* **YOUR INSTRUCTIONS**:
Word for word, copy the lines from the one with "Air Plant – big" to the last line of the data below, counting both, and keep every picture out.

═════ SOURCE DATA

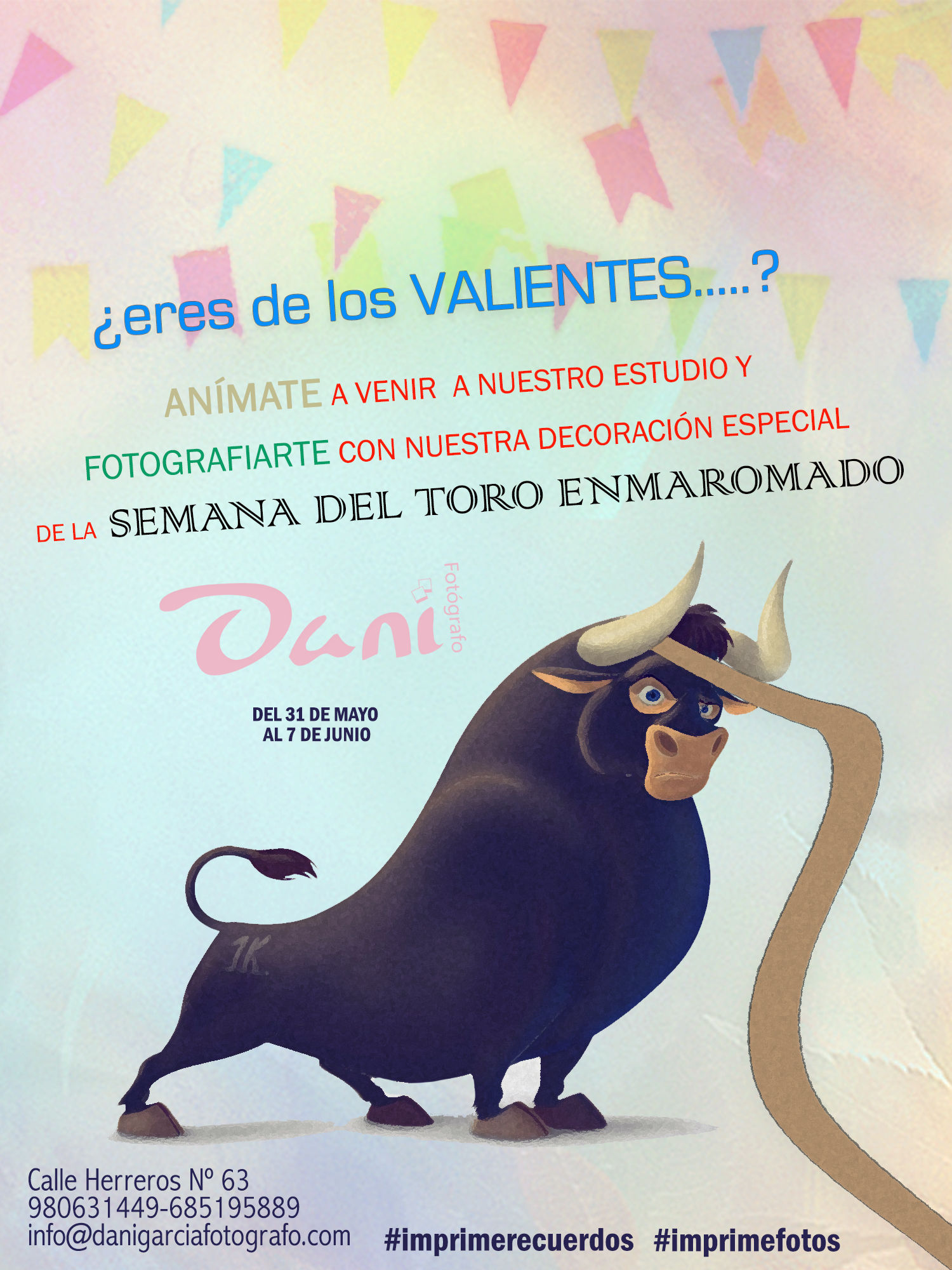 Dani García Fotógrafo - cartel-de-toro-01.jpg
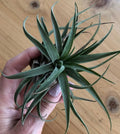 Air Plant – big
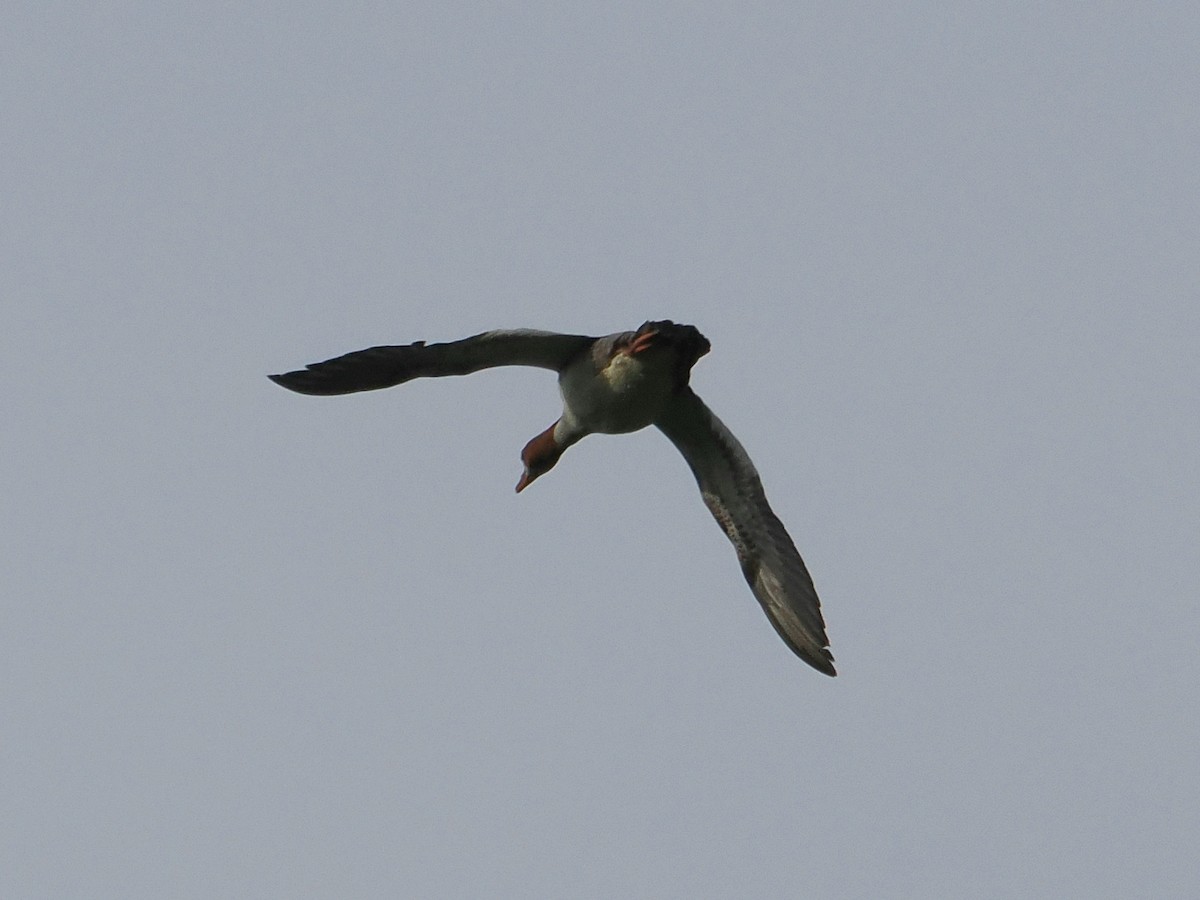 Common Merganser - ML638074240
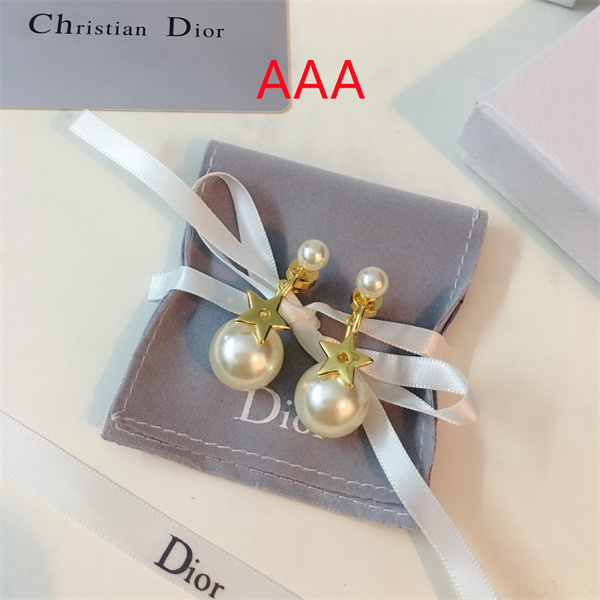Dior Earrings-088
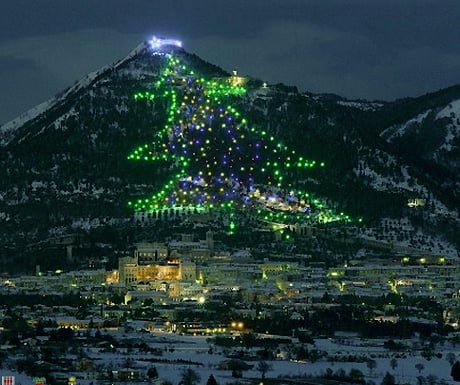 Big Christmas tree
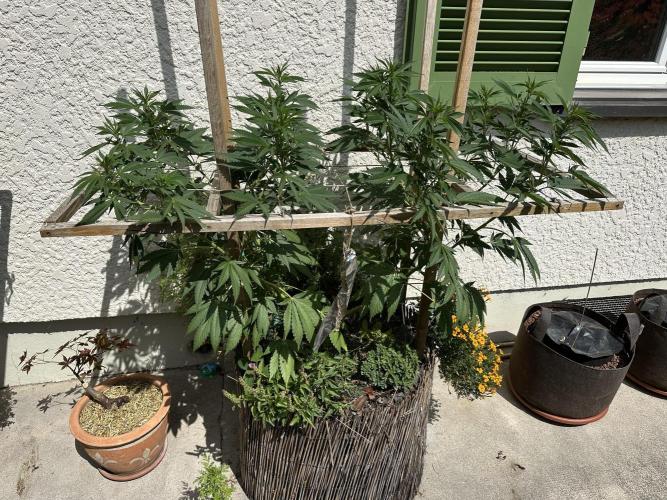 Humble Garden 25. Week 18 - 1.8.25 BC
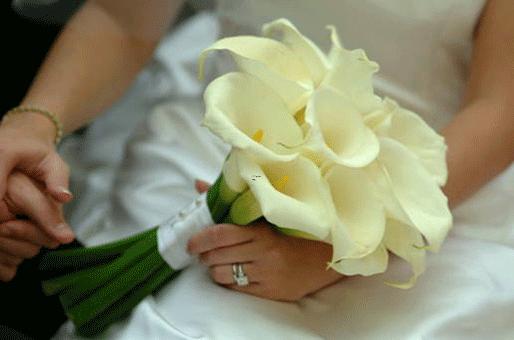 沒有野心的星座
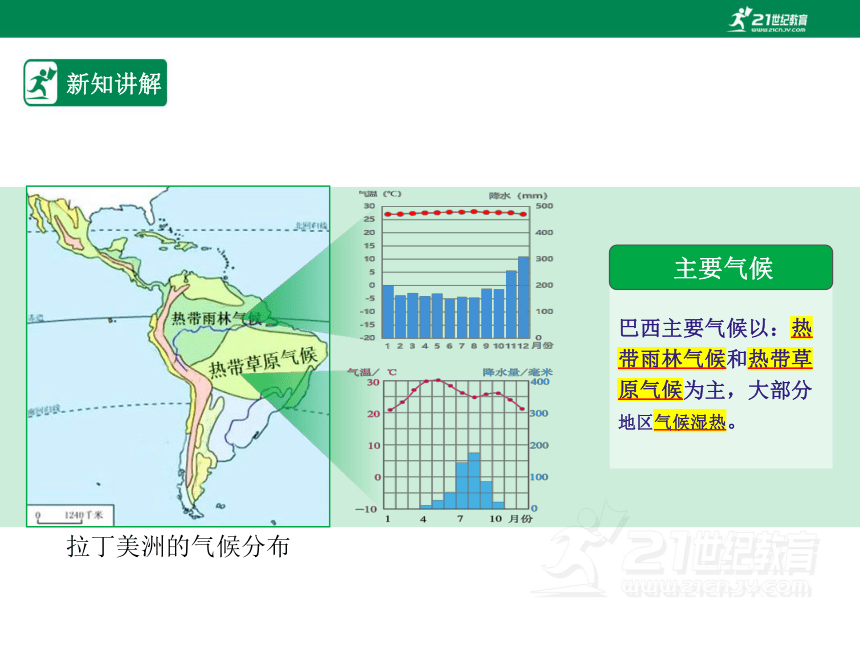 人教版七年级地理 下册 第九章 9.2 巴西 第1课时 课件（共46张PPT）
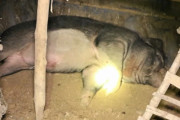 【悲報】体重120キロのイノシシが突然大暴れ！愛情を込めて育てていた飼い主が死亡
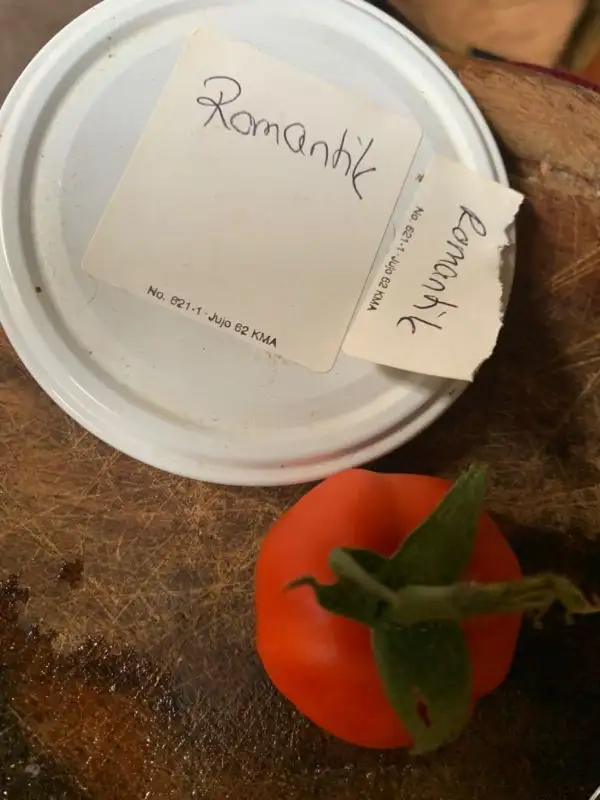 Tomaten: Romantik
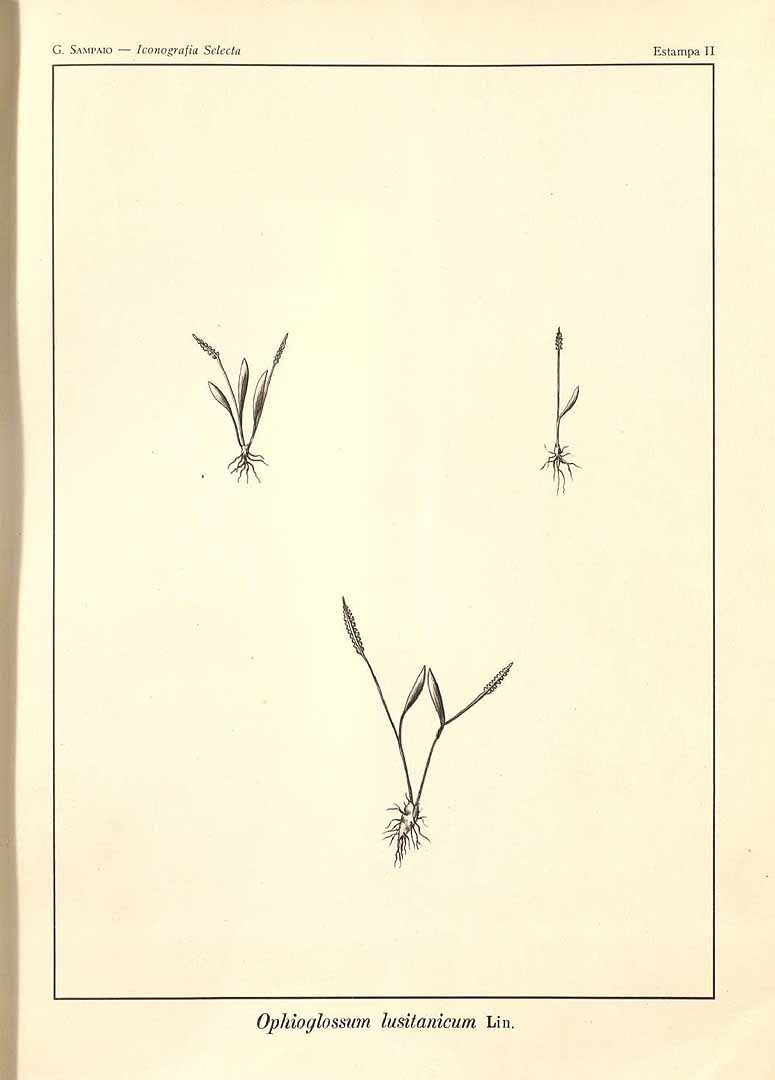 no HD illustration available (3)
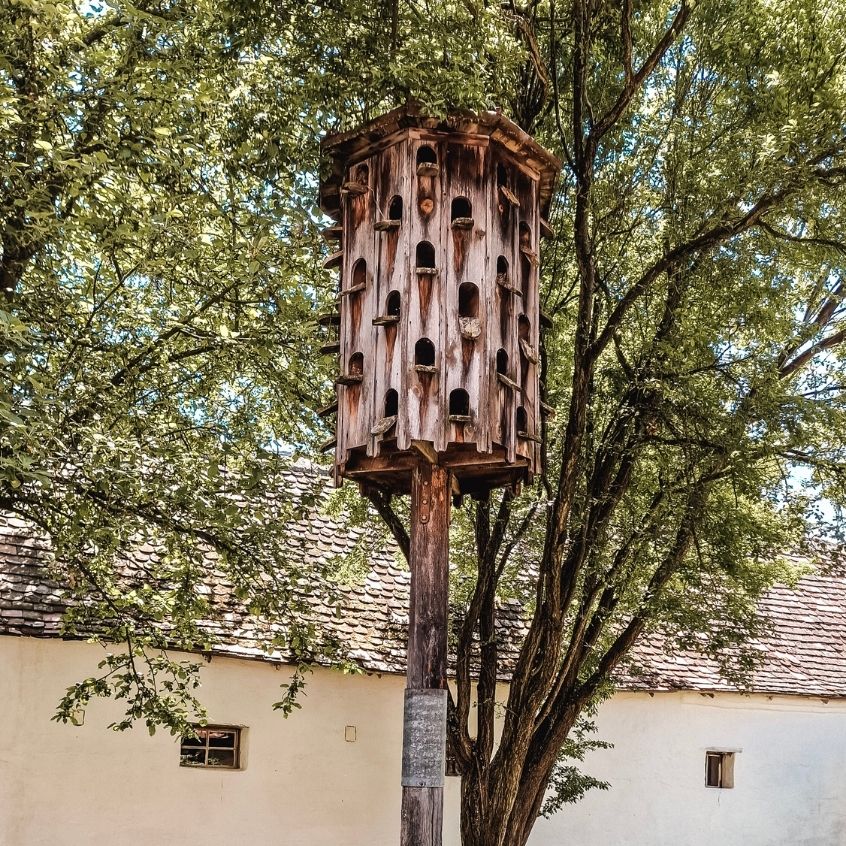 Schaugarten Museumsdorf Niedersulz NÖ-Card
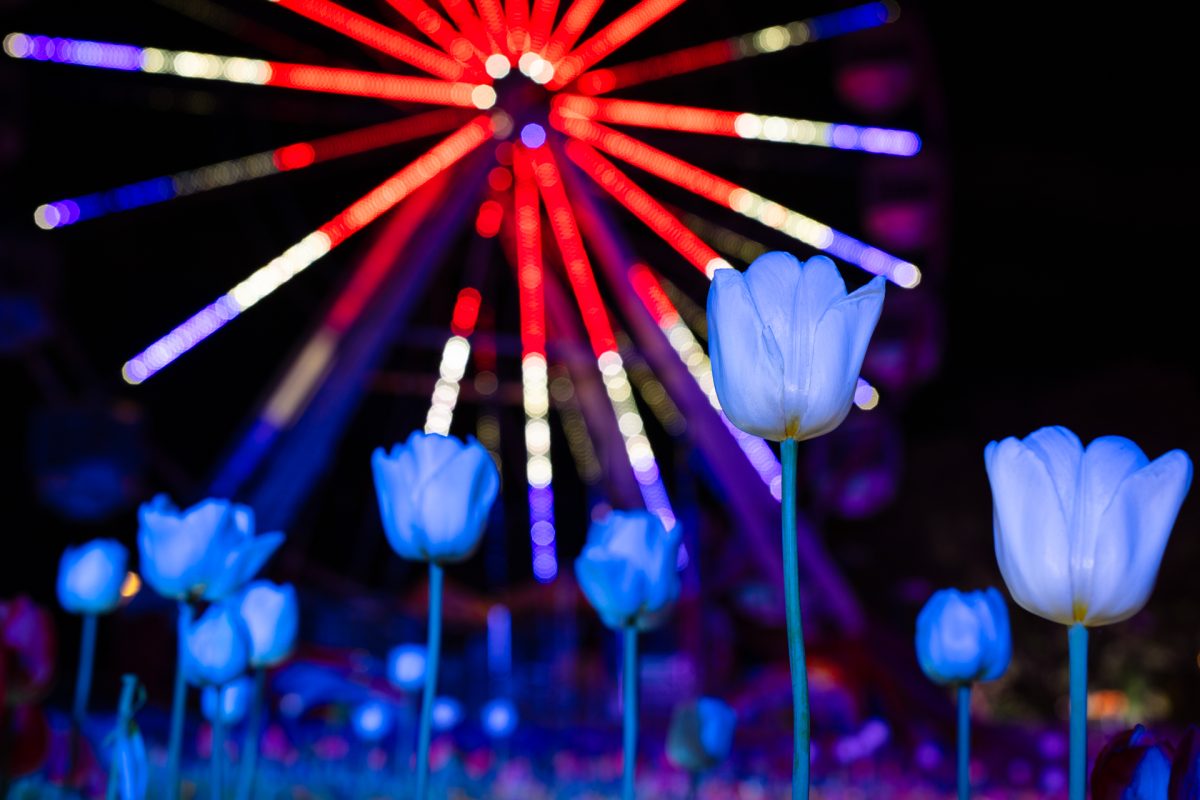 Lit up ferris wheel.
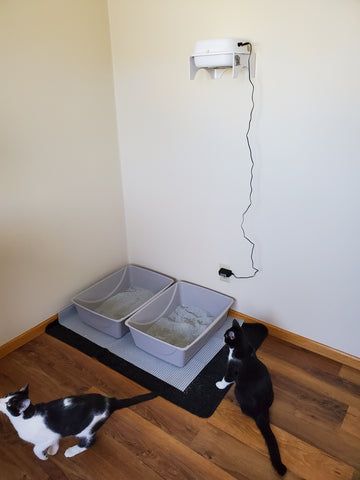Litter boxes, cats, purrified air filter mounted on wall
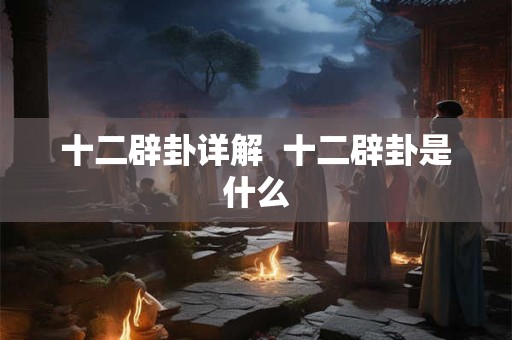 十二辟卦详解  十二辟卦是什么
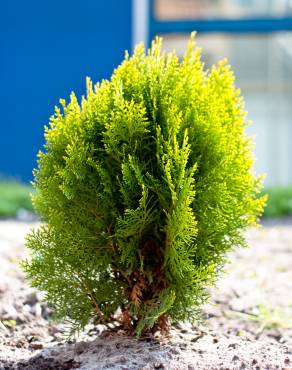 Fotografia 8 da espécie Platycladus orientalis no Jardim Botânico UTAD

══════════

* **WRITTEN RESPONSE**:
 Air Plant – big
 Common Merganser - ML638074240
Dior Earrings-088
 Big Christmas tree
 Humble Garden 25. Week 18 - 1.8.25 BC
 沒有野心的星座
 人教版七年级地理 下册 第九章 9.2 巴西 第1课时 课件（共46张PPT）
 【悲報】体重120キロのイノシシが突然大暴れ！愛情を込めて育てていた飼い主が死亡
 Tomaten: Romantik
 no HD illustration available (3)
 Schaugarten Museumsdorf Niedersulz NÖ-Card
 Lit up ferris wheel.
Litter boxes, cats, purrified air filter mounted on wall
 十二辟卦详解  十二辟卦是什么
 Fotografia 8 da espécie Platycladus orientalis no Jardim Botânico UTAD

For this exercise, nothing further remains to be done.